I'm not that familiar with ACI, but I would not detail it like that.
I feel like RC design is often thought of as "elastic" design, but it really requires you to think in plastic terms, or at least consider the cracking.
I would add a hairpin to connect the beam and slab (that is how it's done in my area)... in other words I'd deffinitely have top reinforcement. The question is "what is a hinge"? It is theoretically a connection that transfers 0 moment and has infinite rotation capacity. In reality anything that transfers a small moment and rotates a lot is good enough to be considered a hinge. In Eurocode this is solved like this "consider the connection pinned, but add at least 25 % of bottom reinforcement to the top of the slab".
The point is this - you are designing for ULS, so you're supposed to model the structure in that condition. If you add minimum reinforcement to the top what will happen?
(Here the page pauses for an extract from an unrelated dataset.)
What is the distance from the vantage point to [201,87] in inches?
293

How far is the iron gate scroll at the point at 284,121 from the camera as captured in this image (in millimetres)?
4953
When the load is very small it will act as a fully fixed joint. Increase the load and at one point top reinforcement will start to yield. What happens when you increase the load further? That section still transmits the same (small) negative moment and starts rotating, but positive moment at the middle of the slab span increases. So, from yielding of the top reinforcement until failure of the slab it will deffinitely be a hinge. Theoretically you could "reduce" the midspan moment because of that small moment at the edge, but why bother?
Another thing here (maybe even more influential in this specific case) is that making this a fixed connection would require the beam to transmit torsional moment and torsional rigidity of a beam is small, especially when it cracks (and it most deffinitely will).
For comparison look at the two following pictures - they show bending moments in a plate (20 cm thick) at ULS. They are all supported on beams with w/h = 30/60 cm. At beam intersections are supports (colums for example). You can see in the first picture that the torsional stiffness of the beam is quite low, so you get a relatively small bending moment at the edge.
If you assume that outer beams will be cracked torsional stiffness drops to about 10 % of the original value, so you'd get something like this:
This is pretty much a hinge at the edge. See how the rest of the moments barely change. From a design point of view it makes sense to simplify it and say that torsional stiffness of the outer beams is 0 and put some small top reinforcement in the slab anyway. That way you control the top crack and can transfer a small moment, but allow the rotation.
Now let's look at the case where the beam is 150 cm high and 40 cm wide. This would be quite unusual, but just to get the feel. You can see the bending moments in the picture below.
Of course, edge moments are really high (basically a fully fixed connection). If you consider the beam to be cracked and lower the torsional stiffness to 10 % you get a significant drop in the edge moments as per picture below.
Now, again... I could design this by saying that this outer connection is hinge, but here I would expect much larger cracking if I were to design it that way so I'd probably add more than minimum reinforcement at the top. That is the thing, if you have a reasonable ductility capacity, you can choose where the hinges form and how much moment they transfer - as long as it's statically determinate (and not a mechanism) and as long as you transfer all the loads (if the sum of bending moments is w*L^2/8 and sum of shears is w*L). Larger deviation from the elastic solution means more cracking so that may be a problem.
Hope this helps.